La giornata del 14 luglio a Umbria Jazz ha avuto un fil rouge chiaro ed emozionante: la voce come protagonista assoluta. All’Arena Santa Giuliana si sono alternate due figure magnetiche del panorama jazzistico internazionale: Samara Joy e Gregory Porter, regalando al pubblico presente emozioni intense, sfumature soul e jazz d’eccellenza.
Si è aperto in mattinata, alle 12 nella Sala Podiani della Galleria Nazionale dell’Umbria, con il sempre ispirato Danilo Rea. Il suo piano solo – un flusso ininterrotto di circa 90 minuti – ha attraversato generi, epoche ed atmosfere con la consueta eleganza. Rea ha costruito un viaggio sonoro dove il jazz si intrecciava con rock, cantautorato e colonne sonore, in un abbraccio musicale in cui tutto si tiene. Divertente l’episodio che ha chiuso il set: una bimba dal pubblico gli chiede un brano degli 883. Rea, sorridendo, confessa l’impreparazione, ma ricorda di aver suonato con il cantante in un vecchio programma televisivo. Momenti così rendono i concerti anche umani, familiari.

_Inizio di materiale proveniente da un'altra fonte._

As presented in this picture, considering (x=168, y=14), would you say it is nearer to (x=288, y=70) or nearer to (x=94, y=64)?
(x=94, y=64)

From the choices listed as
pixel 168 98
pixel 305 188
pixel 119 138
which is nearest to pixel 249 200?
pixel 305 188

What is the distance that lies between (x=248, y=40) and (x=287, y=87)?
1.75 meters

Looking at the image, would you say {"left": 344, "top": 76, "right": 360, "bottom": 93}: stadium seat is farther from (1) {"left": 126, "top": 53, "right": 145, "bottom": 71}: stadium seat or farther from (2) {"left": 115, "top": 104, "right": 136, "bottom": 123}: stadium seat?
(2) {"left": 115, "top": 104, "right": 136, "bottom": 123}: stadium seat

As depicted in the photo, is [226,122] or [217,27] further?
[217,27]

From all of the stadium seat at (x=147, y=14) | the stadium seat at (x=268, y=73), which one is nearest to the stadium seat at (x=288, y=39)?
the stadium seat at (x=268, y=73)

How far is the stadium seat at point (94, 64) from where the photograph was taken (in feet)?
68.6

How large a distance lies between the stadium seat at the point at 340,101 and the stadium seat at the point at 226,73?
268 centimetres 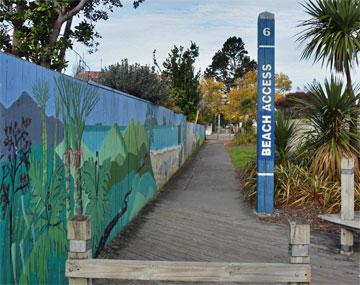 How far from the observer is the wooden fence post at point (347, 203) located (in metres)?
6.62

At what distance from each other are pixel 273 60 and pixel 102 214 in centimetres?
465

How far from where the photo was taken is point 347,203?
6.80 m

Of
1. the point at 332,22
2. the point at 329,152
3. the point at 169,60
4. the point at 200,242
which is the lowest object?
the point at 200,242

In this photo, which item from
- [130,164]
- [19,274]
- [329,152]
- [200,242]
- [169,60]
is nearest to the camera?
[19,274]

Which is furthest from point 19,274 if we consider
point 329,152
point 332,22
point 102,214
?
point 332,22

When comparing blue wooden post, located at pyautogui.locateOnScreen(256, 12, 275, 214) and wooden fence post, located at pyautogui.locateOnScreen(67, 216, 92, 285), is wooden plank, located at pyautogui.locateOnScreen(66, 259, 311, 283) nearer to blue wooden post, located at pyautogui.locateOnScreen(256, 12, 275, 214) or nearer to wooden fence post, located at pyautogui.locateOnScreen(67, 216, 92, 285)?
wooden fence post, located at pyautogui.locateOnScreen(67, 216, 92, 285)

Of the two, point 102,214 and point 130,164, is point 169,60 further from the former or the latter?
point 102,214

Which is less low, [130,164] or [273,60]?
[273,60]

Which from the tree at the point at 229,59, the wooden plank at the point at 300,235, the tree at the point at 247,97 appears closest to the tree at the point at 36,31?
the wooden plank at the point at 300,235

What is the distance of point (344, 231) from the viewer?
6.63 metres

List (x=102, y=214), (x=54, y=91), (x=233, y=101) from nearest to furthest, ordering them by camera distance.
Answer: (x=54, y=91) < (x=102, y=214) < (x=233, y=101)

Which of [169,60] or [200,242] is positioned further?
[169,60]

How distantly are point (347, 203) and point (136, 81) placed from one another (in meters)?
7.77

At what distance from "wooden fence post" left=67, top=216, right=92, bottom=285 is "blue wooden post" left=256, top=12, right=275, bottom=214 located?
640 cm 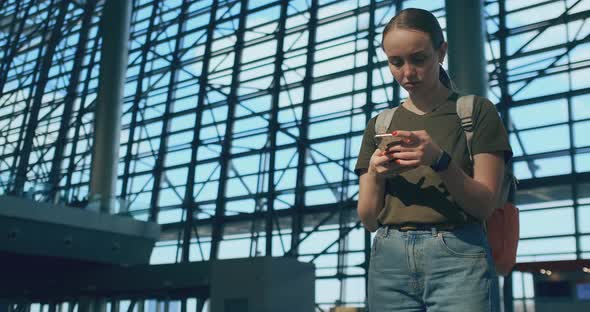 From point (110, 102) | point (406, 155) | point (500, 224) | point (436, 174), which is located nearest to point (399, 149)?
point (406, 155)

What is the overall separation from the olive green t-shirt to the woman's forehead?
0.68 feet

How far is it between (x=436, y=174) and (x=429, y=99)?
0.25m

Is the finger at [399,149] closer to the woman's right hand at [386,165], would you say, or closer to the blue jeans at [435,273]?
the woman's right hand at [386,165]

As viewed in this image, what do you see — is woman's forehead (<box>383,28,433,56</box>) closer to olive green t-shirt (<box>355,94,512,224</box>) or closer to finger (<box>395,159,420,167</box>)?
olive green t-shirt (<box>355,94,512,224</box>)

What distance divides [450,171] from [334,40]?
54.8 feet

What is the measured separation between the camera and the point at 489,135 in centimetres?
194

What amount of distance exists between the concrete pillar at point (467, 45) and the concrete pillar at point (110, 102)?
9.73 metres

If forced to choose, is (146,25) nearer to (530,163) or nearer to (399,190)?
(530,163)

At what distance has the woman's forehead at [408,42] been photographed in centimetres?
193

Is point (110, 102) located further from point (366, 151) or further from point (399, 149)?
point (399, 149)

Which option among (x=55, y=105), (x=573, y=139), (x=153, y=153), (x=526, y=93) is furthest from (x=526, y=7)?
(x=55, y=105)

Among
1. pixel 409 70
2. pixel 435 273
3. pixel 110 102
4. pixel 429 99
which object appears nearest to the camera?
pixel 435 273

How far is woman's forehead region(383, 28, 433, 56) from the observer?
1.93 meters

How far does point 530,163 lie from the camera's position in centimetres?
1466
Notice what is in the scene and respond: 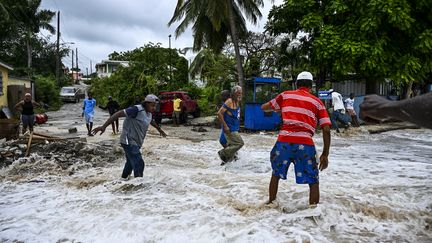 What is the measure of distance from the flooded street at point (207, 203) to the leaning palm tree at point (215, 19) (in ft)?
37.9

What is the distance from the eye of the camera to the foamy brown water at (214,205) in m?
4.30

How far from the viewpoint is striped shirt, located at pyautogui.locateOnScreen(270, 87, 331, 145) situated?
4.53 metres

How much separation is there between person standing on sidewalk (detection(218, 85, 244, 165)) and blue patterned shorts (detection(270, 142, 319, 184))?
3063mm

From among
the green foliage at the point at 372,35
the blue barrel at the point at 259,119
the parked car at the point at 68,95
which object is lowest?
the blue barrel at the point at 259,119

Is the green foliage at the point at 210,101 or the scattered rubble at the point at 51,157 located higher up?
the green foliage at the point at 210,101

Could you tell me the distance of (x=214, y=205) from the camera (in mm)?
5285

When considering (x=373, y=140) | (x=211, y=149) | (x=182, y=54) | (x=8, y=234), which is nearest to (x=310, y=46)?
(x=373, y=140)

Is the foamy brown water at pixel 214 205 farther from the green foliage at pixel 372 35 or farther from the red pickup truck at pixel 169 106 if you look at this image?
the red pickup truck at pixel 169 106

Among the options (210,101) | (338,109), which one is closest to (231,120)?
(338,109)

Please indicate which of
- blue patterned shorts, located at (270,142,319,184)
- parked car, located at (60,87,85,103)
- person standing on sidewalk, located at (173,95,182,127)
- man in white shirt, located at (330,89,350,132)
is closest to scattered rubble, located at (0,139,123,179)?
blue patterned shorts, located at (270,142,319,184)

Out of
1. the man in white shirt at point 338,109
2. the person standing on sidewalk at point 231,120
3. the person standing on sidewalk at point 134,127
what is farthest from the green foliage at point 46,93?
the person standing on sidewalk at point 134,127

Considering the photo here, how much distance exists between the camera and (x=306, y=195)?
5566 mm

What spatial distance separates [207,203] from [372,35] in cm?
1312

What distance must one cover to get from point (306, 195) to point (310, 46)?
14.4 meters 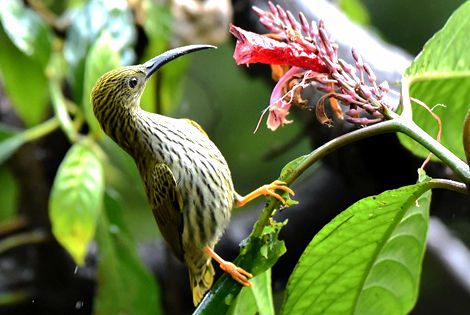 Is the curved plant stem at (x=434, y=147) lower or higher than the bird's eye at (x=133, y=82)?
higher

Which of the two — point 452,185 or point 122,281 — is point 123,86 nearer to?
point 452,185

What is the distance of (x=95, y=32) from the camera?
149 cm

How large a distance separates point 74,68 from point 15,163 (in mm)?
504

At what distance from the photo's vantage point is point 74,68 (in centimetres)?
146

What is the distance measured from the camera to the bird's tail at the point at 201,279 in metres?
0.85

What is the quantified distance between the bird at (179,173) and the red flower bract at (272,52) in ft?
0.65

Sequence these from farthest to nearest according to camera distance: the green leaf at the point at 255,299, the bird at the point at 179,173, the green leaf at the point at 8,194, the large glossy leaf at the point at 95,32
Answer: the green leaf at the point at 8,194, the large glossy leaf at the point at 95,32, the bird at the point at 179,173, the green leaf at the point at 255,299

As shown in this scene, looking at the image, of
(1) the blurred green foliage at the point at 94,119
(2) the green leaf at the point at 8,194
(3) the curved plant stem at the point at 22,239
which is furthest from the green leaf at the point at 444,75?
(2) the green leaf at the point at 8,194

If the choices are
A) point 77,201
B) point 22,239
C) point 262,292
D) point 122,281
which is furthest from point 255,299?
point 22,239

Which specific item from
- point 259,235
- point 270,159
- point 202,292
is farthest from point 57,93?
point 259,235

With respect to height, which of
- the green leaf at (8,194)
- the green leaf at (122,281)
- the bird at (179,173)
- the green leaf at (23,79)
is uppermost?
the bird at (179,173)

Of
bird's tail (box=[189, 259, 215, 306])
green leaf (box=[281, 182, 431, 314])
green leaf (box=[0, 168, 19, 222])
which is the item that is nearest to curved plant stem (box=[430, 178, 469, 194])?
green leaf (box=[281, 182, 431, 314])

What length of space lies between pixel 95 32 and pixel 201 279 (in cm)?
79

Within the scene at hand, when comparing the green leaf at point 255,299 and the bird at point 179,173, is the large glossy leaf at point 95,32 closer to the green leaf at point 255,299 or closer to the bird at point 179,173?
the bird at point 179,173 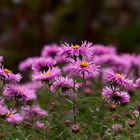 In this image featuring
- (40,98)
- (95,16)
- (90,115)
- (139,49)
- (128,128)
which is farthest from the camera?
(95,16)

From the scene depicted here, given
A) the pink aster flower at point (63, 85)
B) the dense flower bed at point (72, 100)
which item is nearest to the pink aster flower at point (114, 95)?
the dense flower bed at point (72, 100)

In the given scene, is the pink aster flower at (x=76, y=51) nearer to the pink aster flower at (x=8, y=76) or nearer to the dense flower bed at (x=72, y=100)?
the dense flower bed at (x=72, y=100)

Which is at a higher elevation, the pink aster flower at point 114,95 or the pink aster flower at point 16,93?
the pink aster flower at point 16,93

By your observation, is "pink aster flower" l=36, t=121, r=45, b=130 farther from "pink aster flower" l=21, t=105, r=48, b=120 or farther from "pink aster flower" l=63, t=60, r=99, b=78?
"pink aster flower" l=63, t=60, r=99, b=78

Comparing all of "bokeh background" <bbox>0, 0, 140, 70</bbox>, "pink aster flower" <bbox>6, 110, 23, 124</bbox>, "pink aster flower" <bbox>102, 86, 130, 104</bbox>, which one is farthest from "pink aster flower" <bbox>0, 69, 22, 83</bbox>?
"bokeh background" <bbox>0, 0, 140, 70</bbox>

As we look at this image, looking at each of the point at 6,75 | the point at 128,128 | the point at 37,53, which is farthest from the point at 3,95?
the point at 37,53

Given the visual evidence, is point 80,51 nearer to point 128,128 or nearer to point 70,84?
point 70,84

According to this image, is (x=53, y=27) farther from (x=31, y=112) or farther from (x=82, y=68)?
(x=82, y=68)

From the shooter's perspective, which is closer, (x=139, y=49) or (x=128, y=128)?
(x=128, y=128) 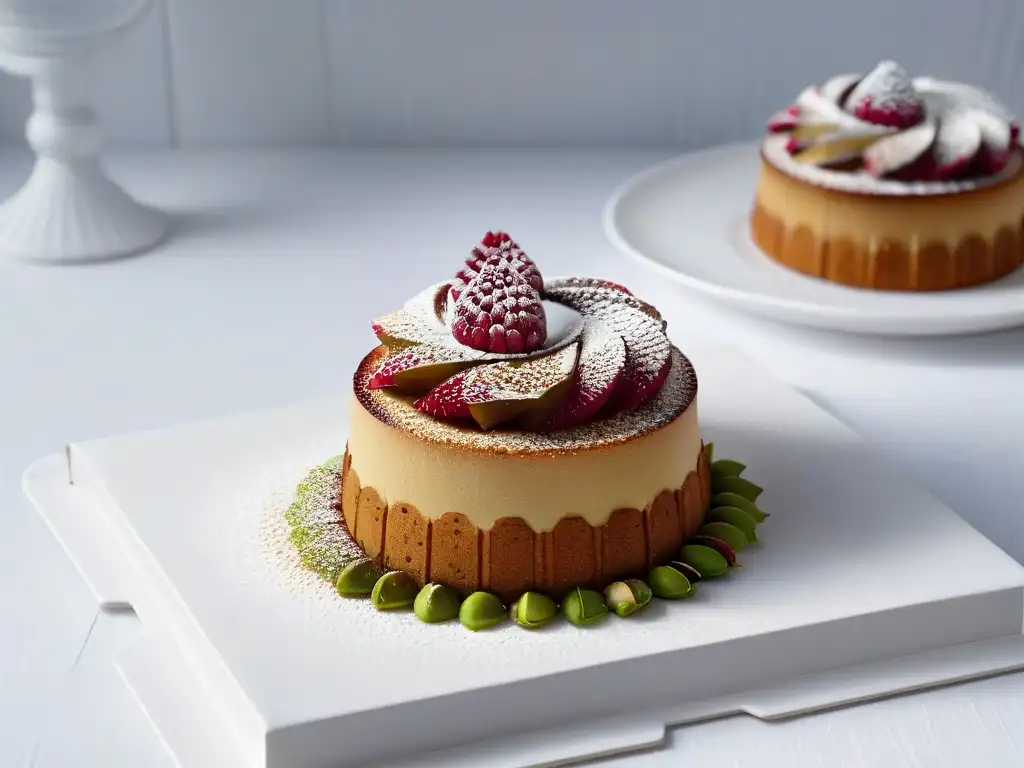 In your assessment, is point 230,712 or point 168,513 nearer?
point 230,712

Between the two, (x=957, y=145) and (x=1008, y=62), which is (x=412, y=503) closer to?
(x=957, y=145)

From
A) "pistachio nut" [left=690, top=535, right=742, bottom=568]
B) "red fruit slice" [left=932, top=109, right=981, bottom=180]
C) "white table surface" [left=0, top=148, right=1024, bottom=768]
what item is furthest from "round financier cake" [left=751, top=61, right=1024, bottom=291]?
"pistachio nut" [left=690, top=535, right=742, bottom=568]

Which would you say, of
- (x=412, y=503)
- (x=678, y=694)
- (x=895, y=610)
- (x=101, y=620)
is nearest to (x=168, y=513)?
(x=101, y=620)

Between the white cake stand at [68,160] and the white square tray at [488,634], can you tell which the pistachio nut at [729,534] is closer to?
the white square tray at [488,634]

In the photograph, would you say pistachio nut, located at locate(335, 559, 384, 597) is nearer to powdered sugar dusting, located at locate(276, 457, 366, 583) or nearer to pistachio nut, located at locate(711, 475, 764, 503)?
powdered sugar dusting, located at locate(276, 457, 366, 583)

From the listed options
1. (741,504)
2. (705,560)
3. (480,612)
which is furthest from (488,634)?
(741,504)

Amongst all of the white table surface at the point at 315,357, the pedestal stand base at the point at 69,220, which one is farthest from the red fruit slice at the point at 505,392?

Nel pomeriggio, Rea è tornato sul palco in duo con Luciano Biondini, fisarmonicista spoletino: un incontro di sensibilità e suoni, che ha ribadito quanto la complicità tra due strumenti e due anime possa generare magia.
Alle 17, il Teatro Morlacchi ha accolto il potente quintetto del batterista Johnathan Blake, protagonista con il suo progetto “My Life Matters”, suite dedicata al coraggio di non tacere di fronte alle ingiustizie. Blake è salito sul palco con un gruppo di altissimo livello: da Dayna Stephens ai fiati a Fabian Almazan al piano ed elettronica, passando per l’energico Jalen Baker al vibrafono e Dezron Douglas al contrabbasso. Un live intenso, moderno, applaudito a lungo. In chiusura, una sorpresa: una trascinante versione di Steppin’ Out di Joe Jackson, che ha conquistato anche i meno jazzofili.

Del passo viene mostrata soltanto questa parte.